- _Data shown_:

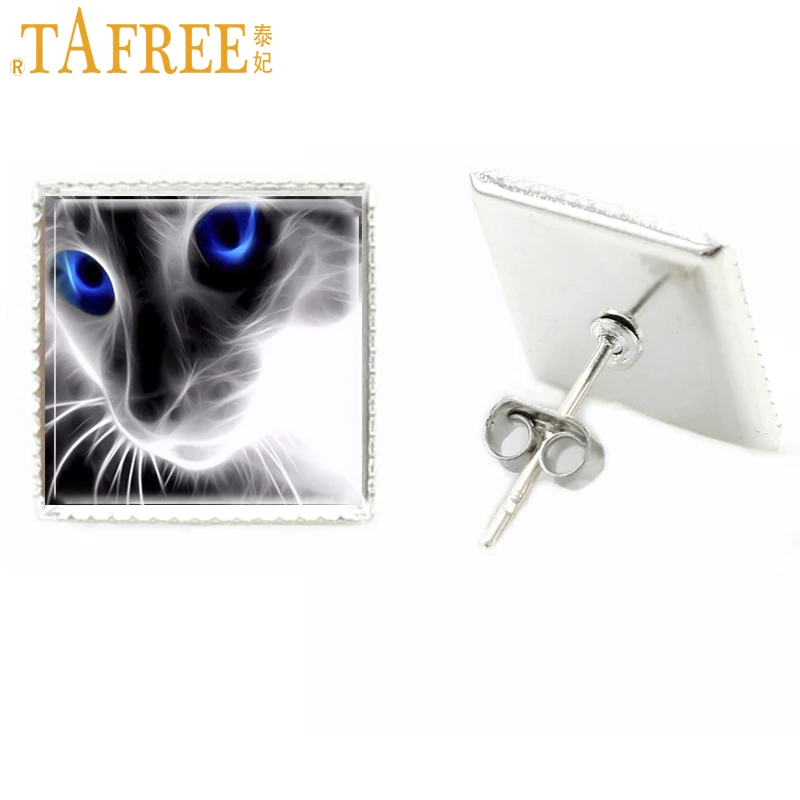 Женские квадратные серьги гвоздики TAFREE 3D реалистичные в виде кошачьей собаки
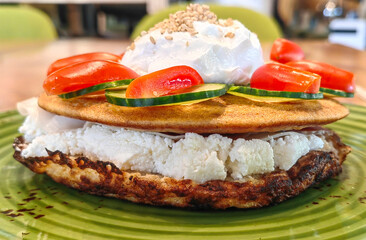 Savory Pancake with Vegetables and Sour Cream.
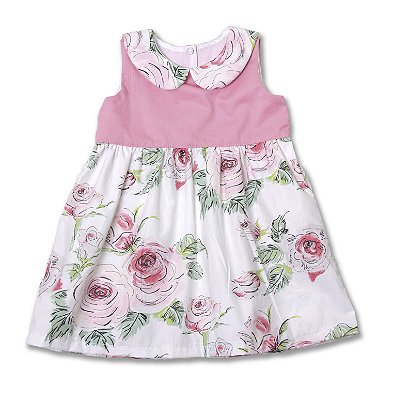 Vestido Infantil - Retrô Rosas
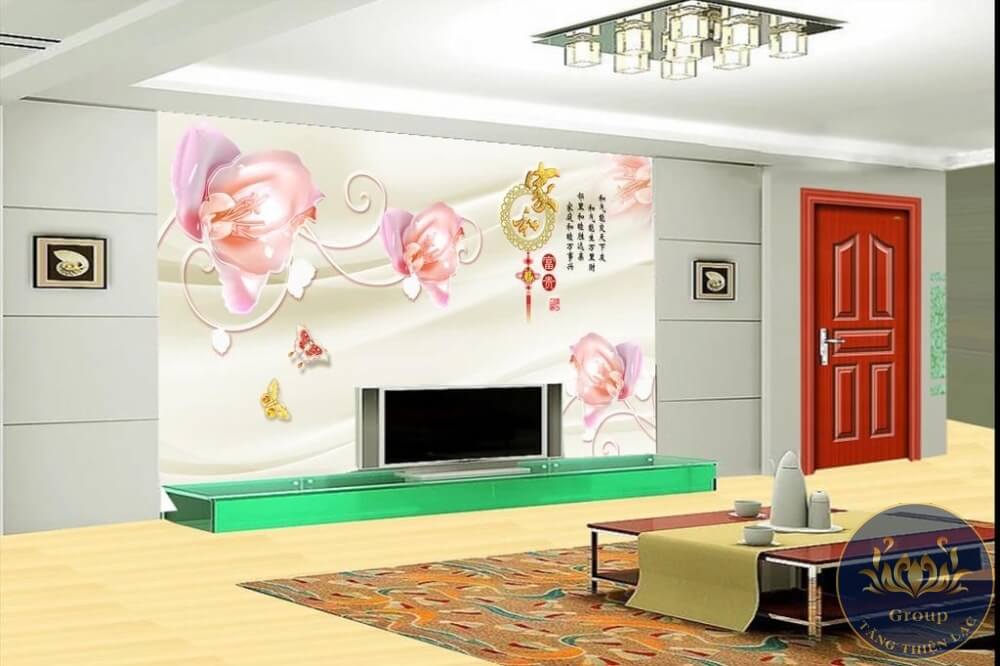 Tranh dán tường 3D phòng khách hoa trang sức làm sang trọng không gian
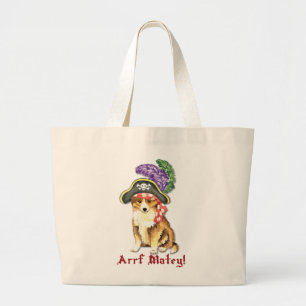 Sheltie Pirate Large Tote Bag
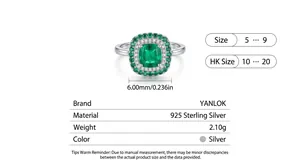 Elegant 925 sterling silver ring featuring a 6mm square emerald stone with sparkling halo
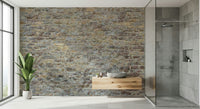 Distressed Weathered Stone Brick wallpaper, exterior wall look.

- _Try it_:
Your answer must be the full listing, reproduced word for word, without its pictures.

- _Answer to the problem_:
 Женские квадратные серьги гвоздики TAFREE 3D реалистичные в виде кошачьей собаки
 Savory Pancake with Vegetables and Sour Cream.
 Vestido Infantil - Retrô Rosas
 Tranh dán tường 3D phòng khách hoa trang sức làm sang trọng không gian
 Sheltie Pirate Large Tote Bag
 Elegant 925 sterling silver ring featuring a 6mm square emerald stone with sparkling halo
 Distressed Weathered Stone Brick wallpaper, exterior wall look.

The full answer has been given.